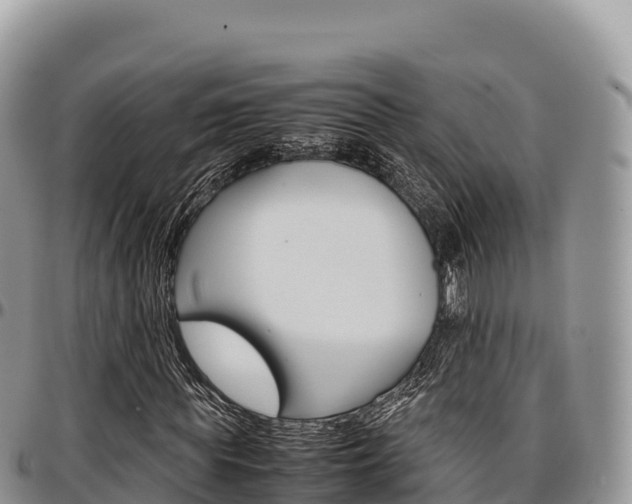 X0000097300819200802151120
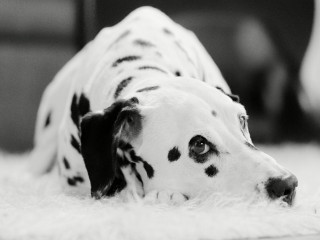 Dalmatian dog white rug sad - pointillism free wallpaper
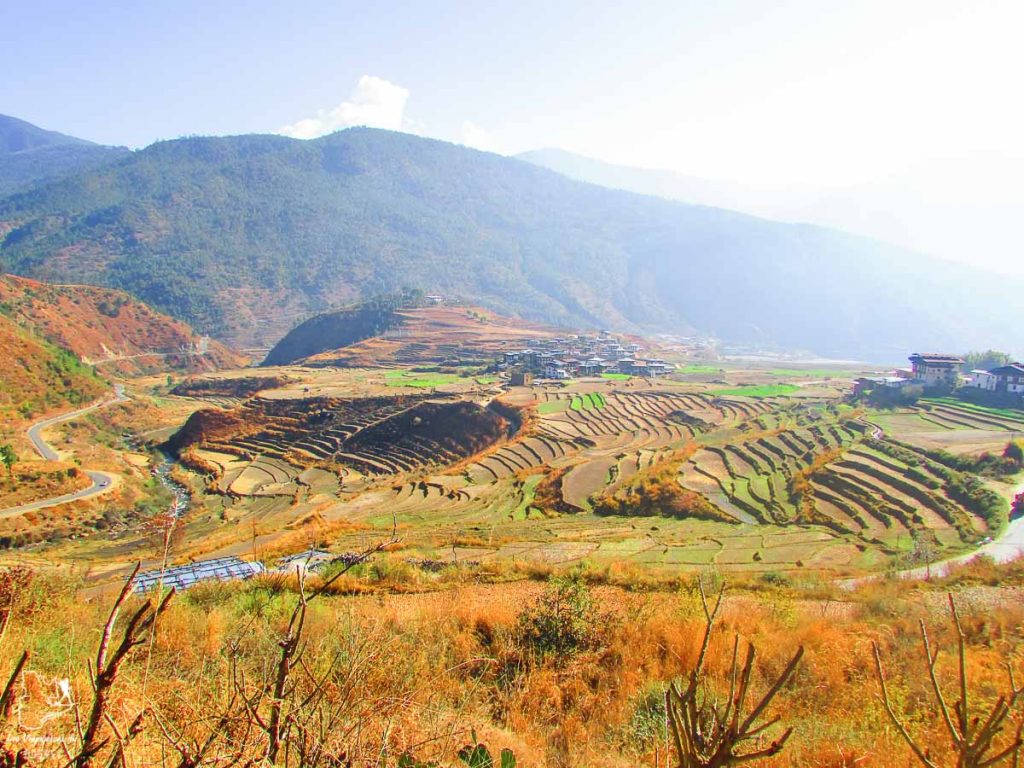 Visiter le Bhoutan naturel, dont les rizières de Bumthang dans notre article Visiter le Bhoutan : Voyage dans ce petit royaume enchanteur hors du temps #bhoutan #asie #voyage
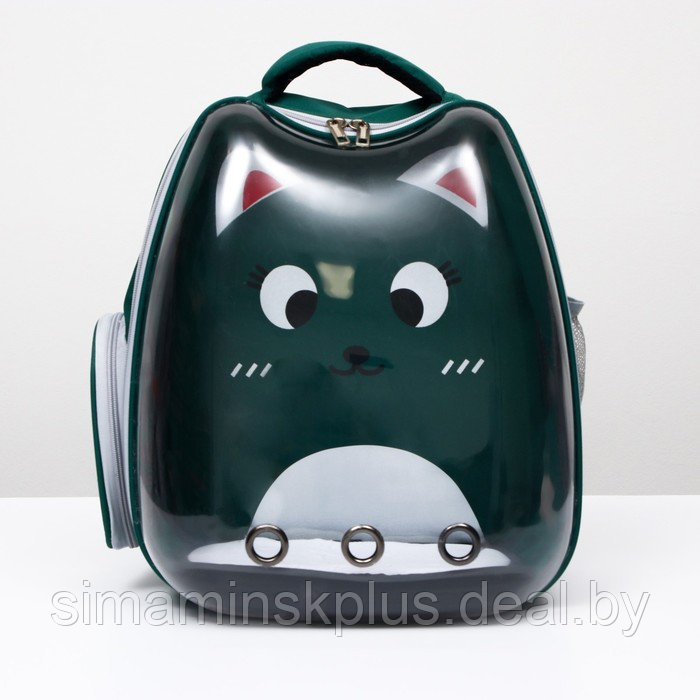 Рюкзак для переноски животных "Котик", прозрачный, 34 х 25 х 40 см, зелёный - фото 1 - id-p207963662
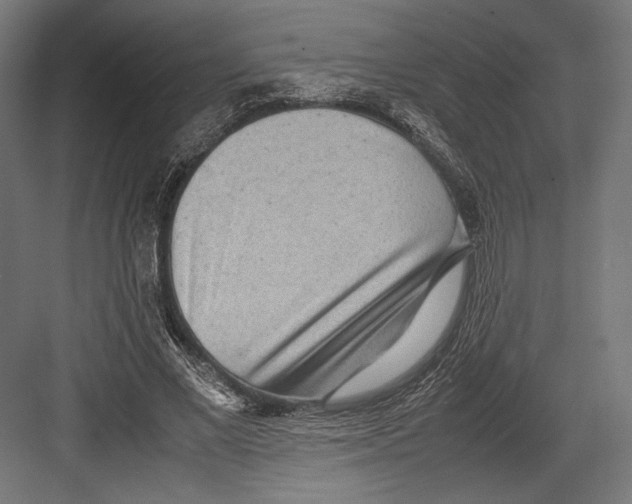 X0000082700685200702161750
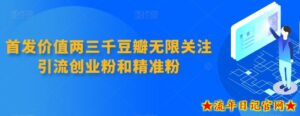首发价值两三千豆瓣无限关注引流创业粉和精准粉-流年日记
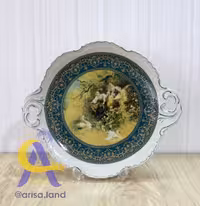 دیس زیرخاکی سبز FN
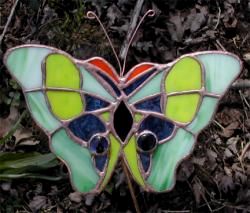 large green
                butterfly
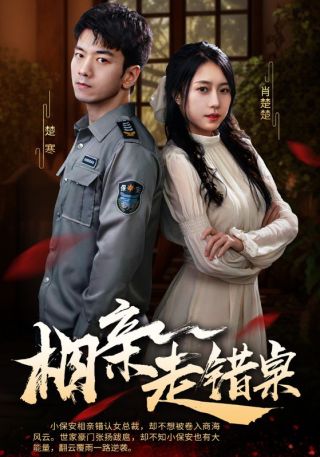 短剧相亲走错桌海报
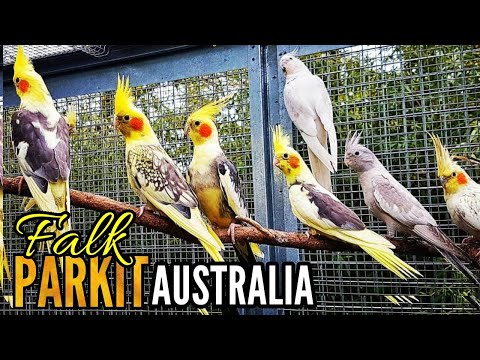 Video: Perbedaan Antara Kakatua Dan Cockatiel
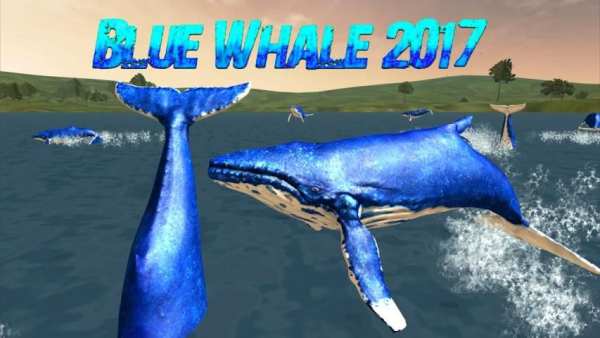 Blue Whale 2019 स्क्रीनशॉट 3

════

EXERCISE. Print the records above verbatim, pictures excluded.

SOLVED PROBLEM.
 X0000097300819200802151120
 Dalmatian dog white rug sad - pointillism free wallpaper
 Visiter le Bhoutan naturel, dont les rizières de Bumthang dans notre article Visiter le Bhoutan : Voyage dans ce petit royaume enchanteur hors du temps #bhoutan #asie #voyage
 Рюкзак для переноски животных "Котик", прозрачный, 34 х 25 х 40 см, зелёный - фото 1 - id-p207963662
 X0000082700685200702161750
首发价值两三千豆瓣无限关注引流创业粉和精准粉-流年日记
 دیس زیرخاکی سبز FN
 large green
                butterfly
 短剧相亲走错桌海报
 Video: Perbedaan Antara Kakatua Dan Cockatiel
 Blue Whale 2019 स्क्रीनशॉट 3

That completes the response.